# [TASK REQUIREMENTS]
Leave the images aside and copy out the whole listing, exact to the word.

# [DATA FOR ANALYSIS]

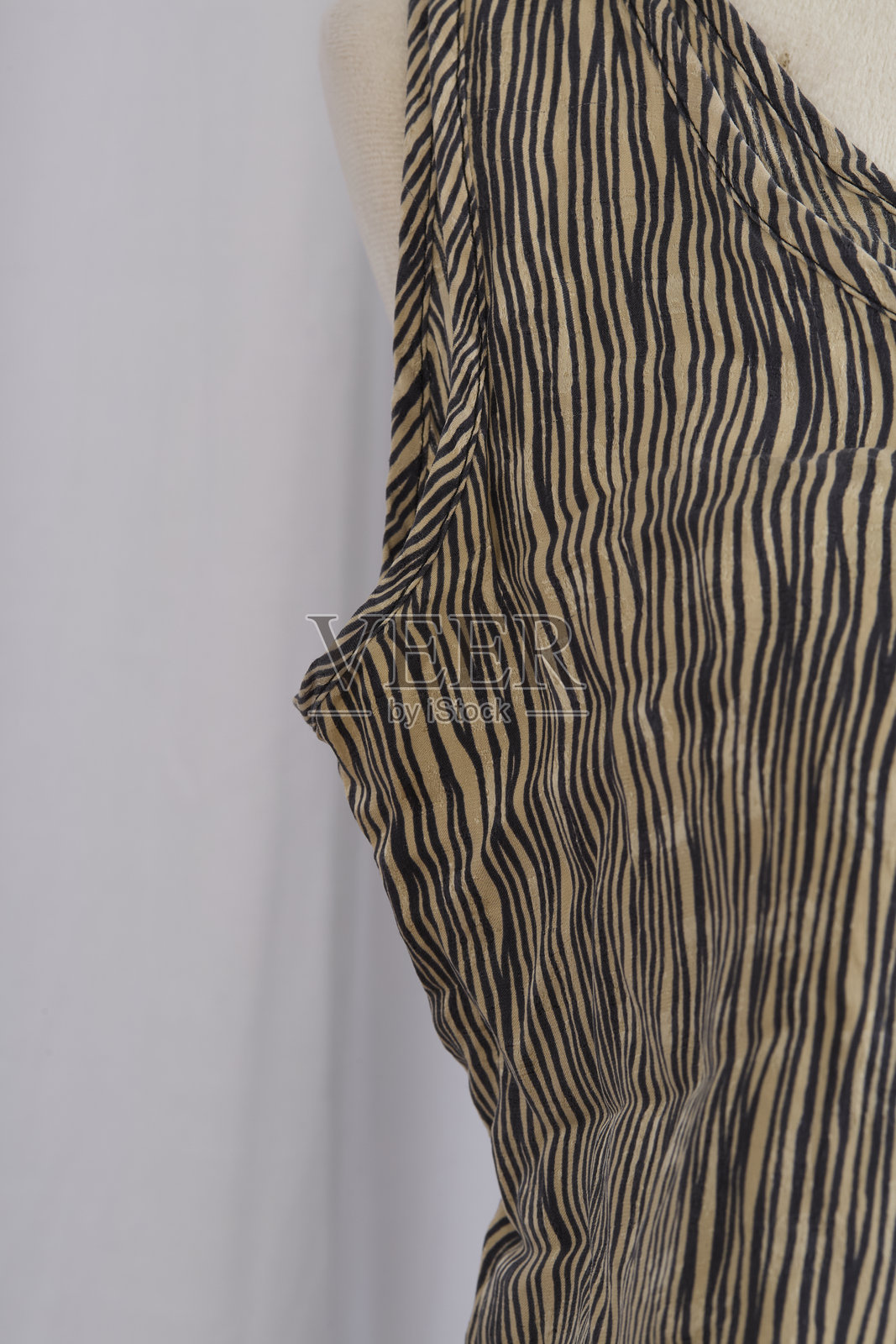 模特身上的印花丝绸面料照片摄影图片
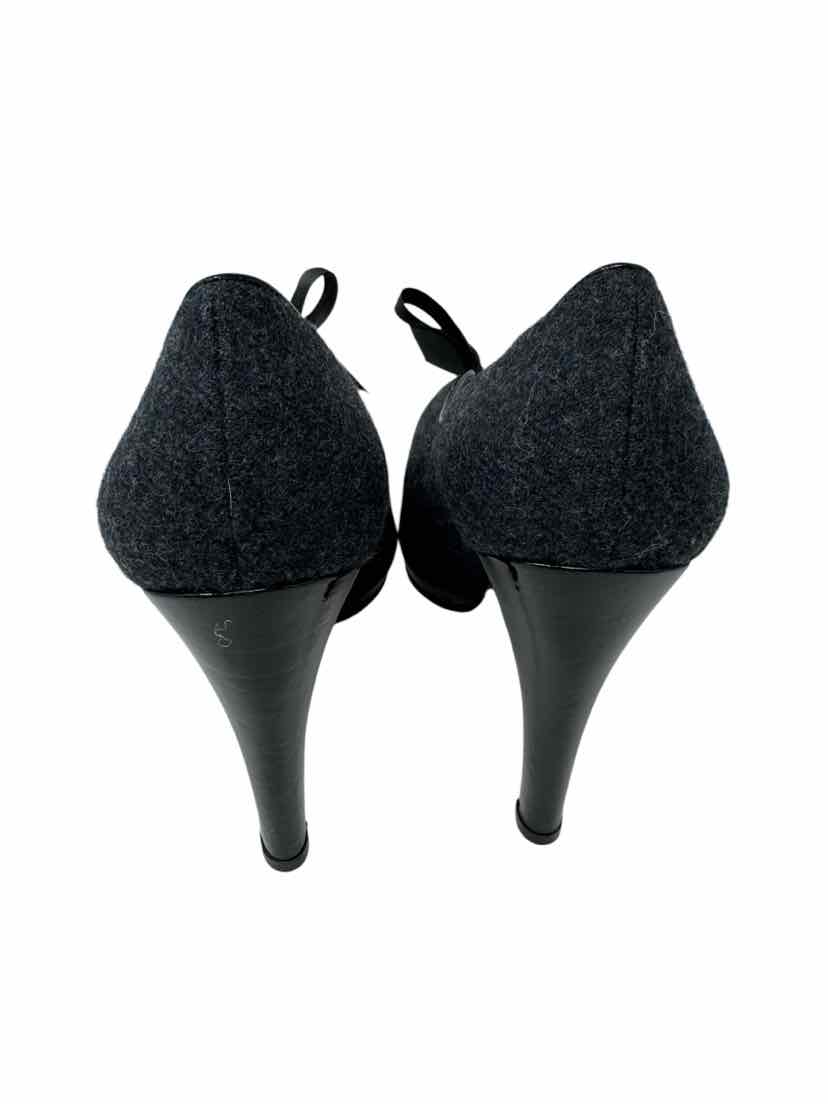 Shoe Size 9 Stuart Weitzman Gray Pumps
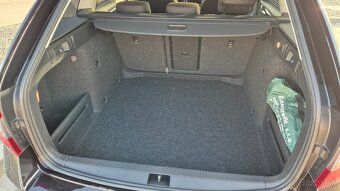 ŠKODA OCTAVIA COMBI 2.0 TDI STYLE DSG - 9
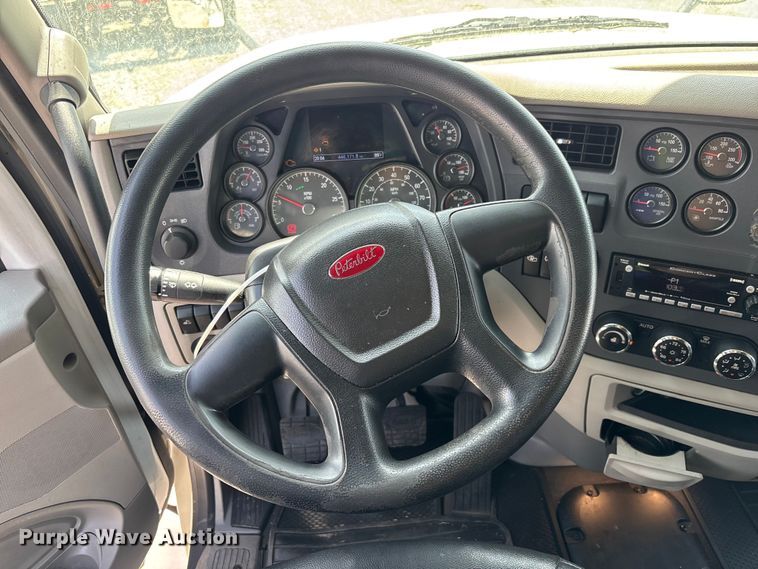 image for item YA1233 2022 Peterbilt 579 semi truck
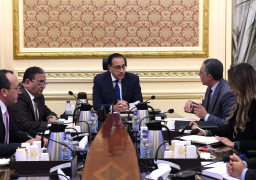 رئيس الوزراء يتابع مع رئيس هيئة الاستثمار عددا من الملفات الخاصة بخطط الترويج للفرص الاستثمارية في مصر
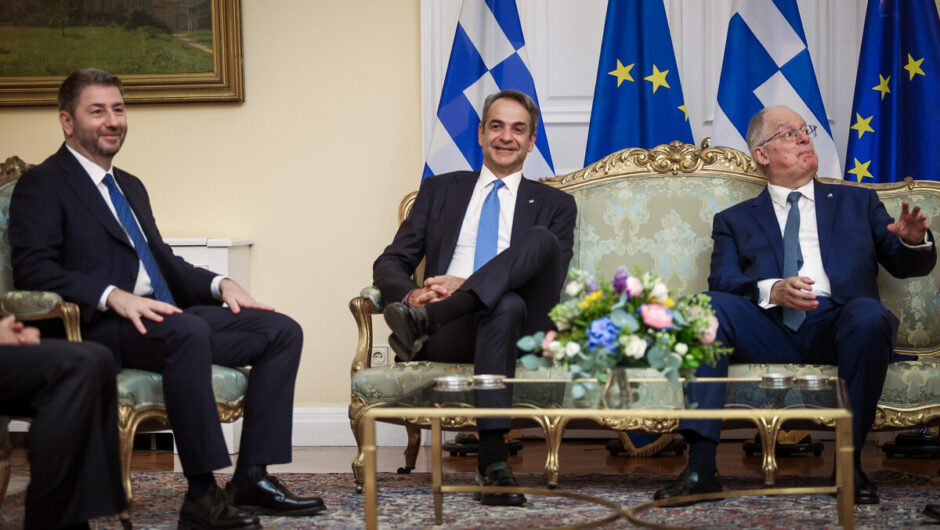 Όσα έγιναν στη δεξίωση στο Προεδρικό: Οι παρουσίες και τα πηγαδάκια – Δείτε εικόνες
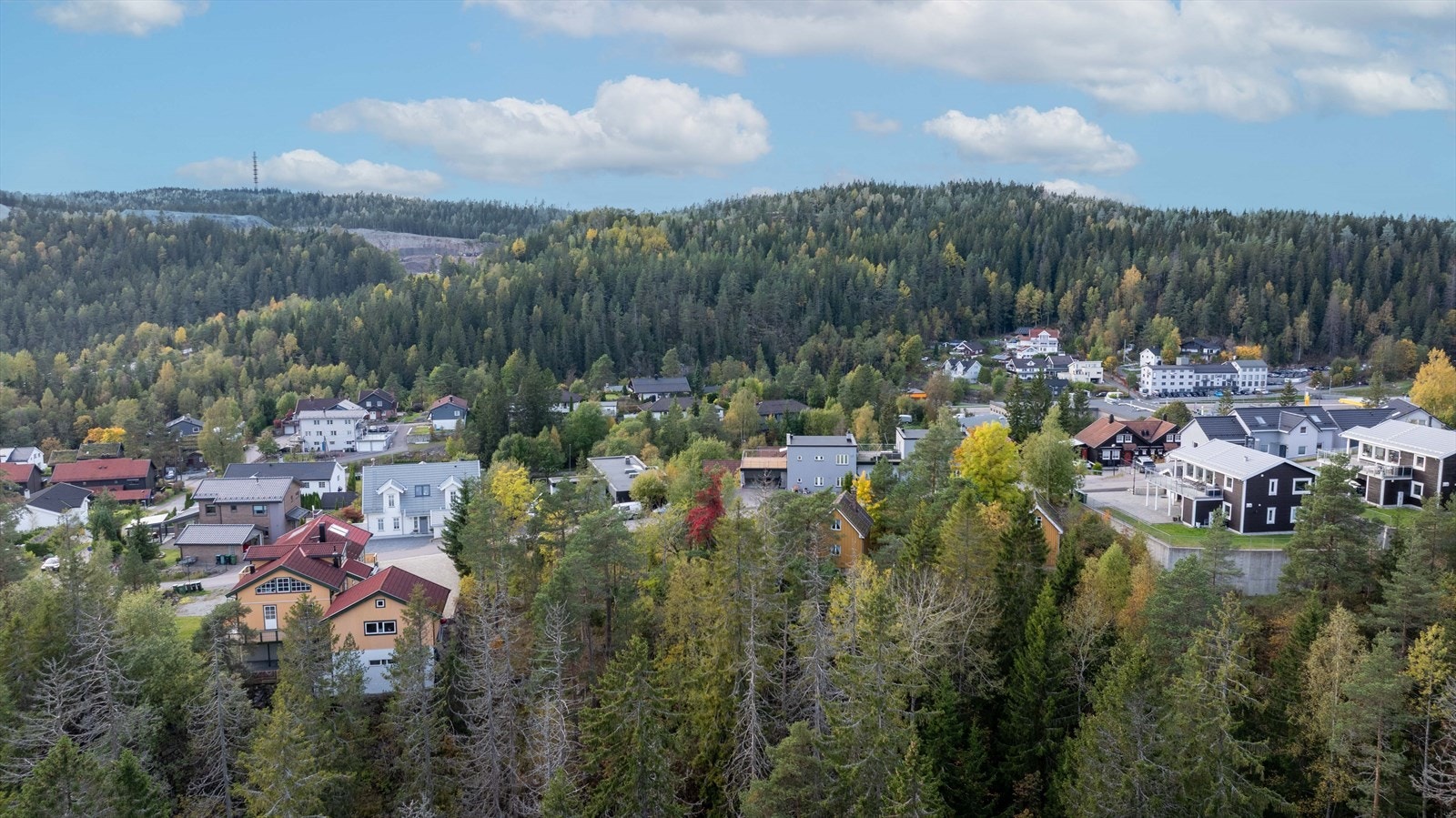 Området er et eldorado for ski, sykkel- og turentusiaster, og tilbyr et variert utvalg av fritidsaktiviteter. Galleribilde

# [RESPONSE]
 模特身上的印花丝绸面料照片摄影图片
 Shoe Size 9 Stuart Weitzman Gray Pumps
 ŠKODA OCTAVIA COMBI 2.0 TDI STYLE DSG - 9
 image for item YA1233 2022 Peterbilt 579 semi truck
 رئيس الوزراء يتابع مع رئيس هيئة الاستثمار عددا من الملفات الخاصة بخطط الترويج للفرص الاستثمارية في مصر
 Όσα έγιναν στη δεξίωση στο Προεδρικό: Οι παρουσίες και τα πηγαδάκια – Δείτε εικόνες
 Området er et eldorado for ski, sykkel- og turentusiaster, og tilbyr et variert utvalg av fritidsaktiviteter. Galleribilde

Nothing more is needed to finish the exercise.